Imam Tirmidhi classifies most of the Ahadith and mentions its reliability. Altogether Imam Tirmidhi uses nine different terms.

1.) sahih: That hadith wherein each reporter must be trustworthy, he must have the power of retention and the sanad of the hadith must go back to Nabi (sallallahu alyhi wasallam) without any interruption, it must agree with those of other reliable reporters and there should be no hidden defect in the matan or the sanad. N.B. Imam Tirmidhi does not consider it a prerequisite that a sahih Hadith must have several chains of narrators.

2.) hasan: That hadith which does not contain a reporter accused of lying, it is not shaaz and the hadith has been reported through more than one sanad.

3.) da`eef: Such a hadith wherein the narrators are not trustworthy, or they don’t posses the ability of retaining, or there is a break in the chain of narrators, or the hadith is shaaz or mu’alall.

4.) gharib: According to Imam Tirmidhi a hadith is classified gharib for one of the following reasons..

(a) it is narrated from one chain only.

(b) there is some addition in the text.

(c) it is narrated through various chains of transmitters but having within one of its chains an addition in the sanad.

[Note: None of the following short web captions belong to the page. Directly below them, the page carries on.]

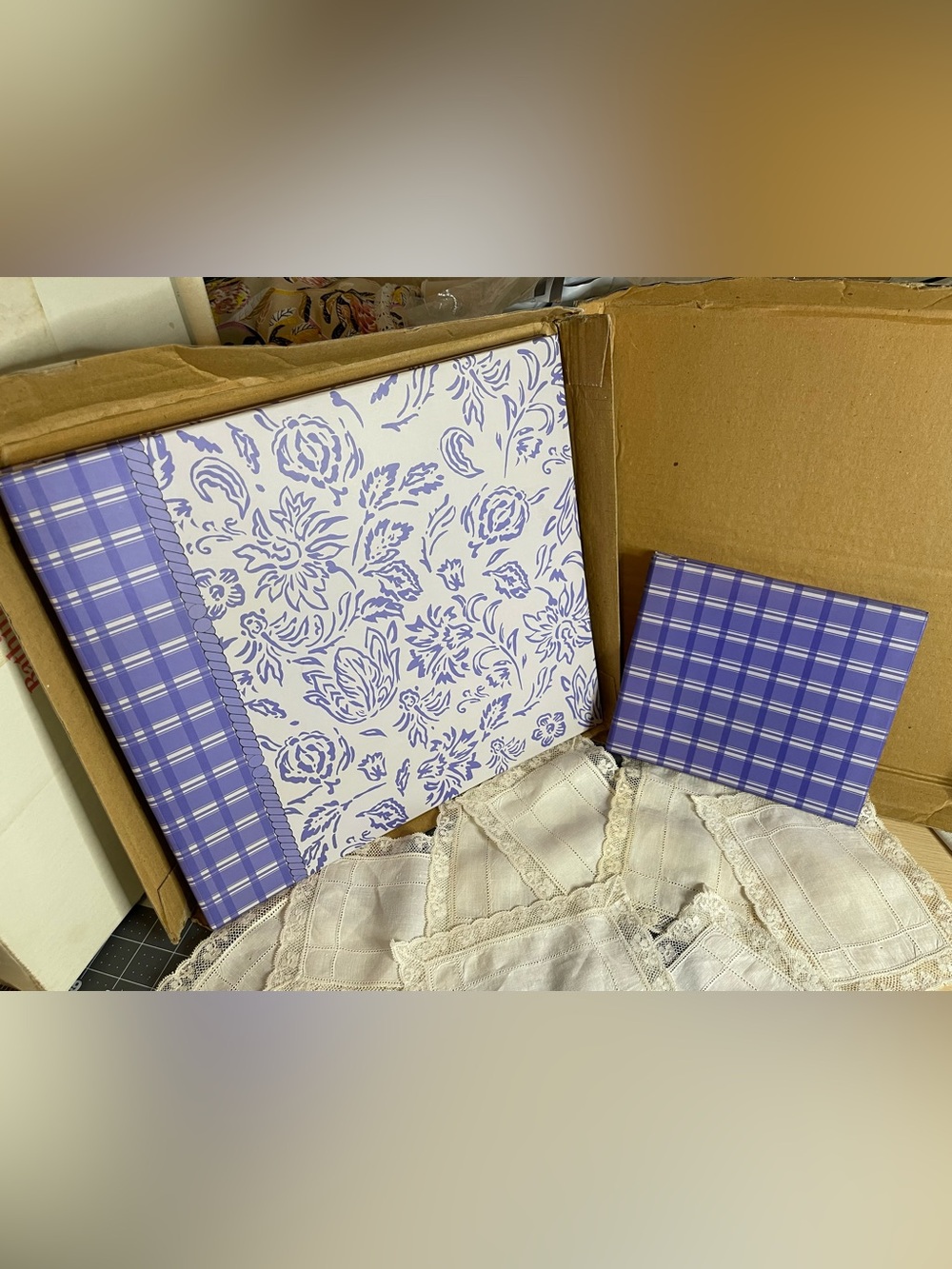 Memories Direct Purple Floral & Plaid Photo Album Set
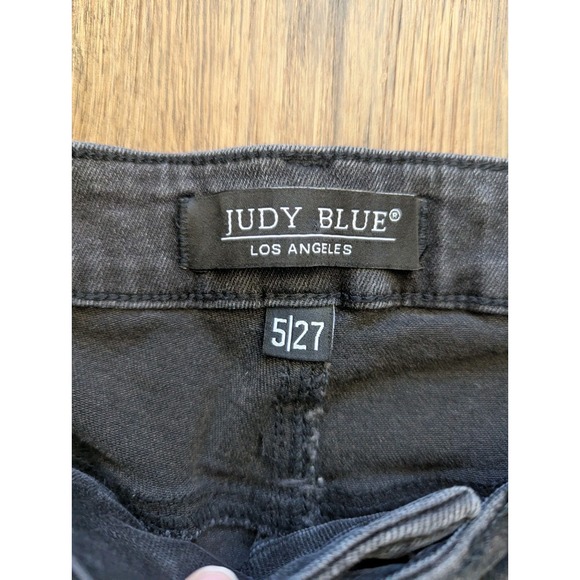 Judy Blue Jeans 27 Black Super Flare Bell Bottom Festival Y2K Boho Raw Hem Denim - Picture 2 of 12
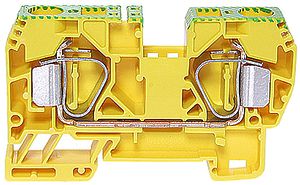 Durchgangs-Reihenklemme Woertz 2.5…16mm² 65A 600V Federzugansch.2×1 TH35 gn/gb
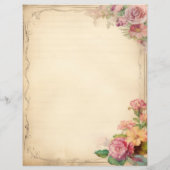 Jaune rose floral junk Journal antique papeterie (Dos)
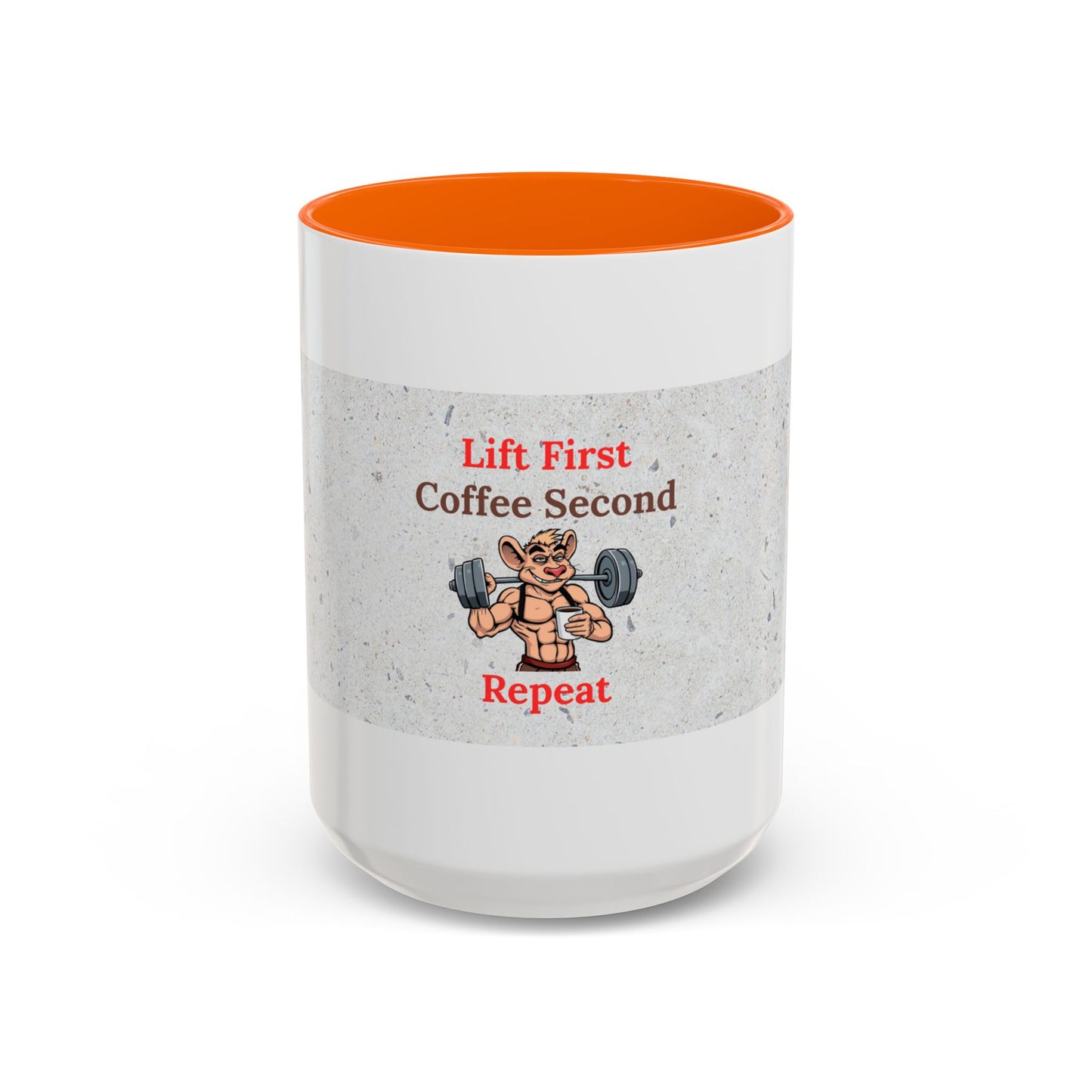 Fitness Motivation Coffee Mug, Gym Lover Gift, Lift First Repeat, Workout Humor Mug, Weightlifting Coffee Cup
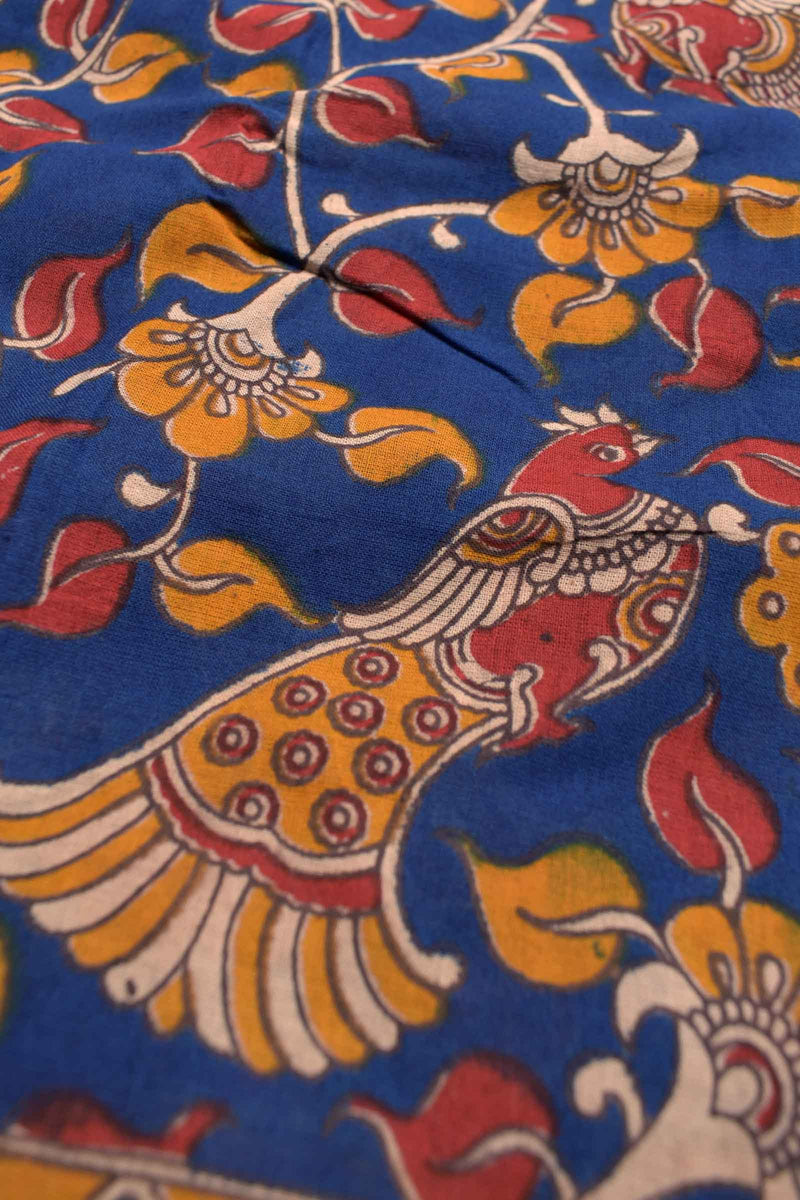 Blue Kalamkari Pure Cotton Peacock Printed Saree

5.) hasan gharib: These two can be combined. i.e. hasan refers to the uprighteousness of the narrators whilst gharib implies that he is alone in transmitting the hadith.

6.) sahih gharib: This term implies that the hadith is authentic but there is only one sanad.

7.) hasan sahih gharib: This hadith is hasan since it has several chains of transmitters, it is sahih as the chains are all authentic and it is gharib in the words that Imam Tirmidhi narrated.

8.) hasan sahih: This term has caused much confusion amongst the Muhadditheen since hasan is lower in rank than sahih. While sahih indicates to the excellent retention power of a narrator, hasan indicates to a deficiency in this regard hence it seems that both are opposites and is not possible to reconcile. The mutaqaddimeen have given many explanations to this :

[1] Ibn Hajar (r) has mentioned that the word “aw” is omitted hence the hadith will be either hasan or sahih. [2] Ibn Salah is of the opinion that when a hadith is reported with two sanads, one should be considered as hasan and the other as sahih. [3] Ibn Kathir says that Imam Tirmidhi has made up a new term which implies the hadith to be higher than hasan but lower than sahih. [4] Ibn Daqiq ul `Eid is of this opinion that sahih and hasan are not opposites. Rather they belong to the same category. However hasan will be considered as inferior to sahih hence they both can be combined. This opinion has been given most preference by the Muhadditheen.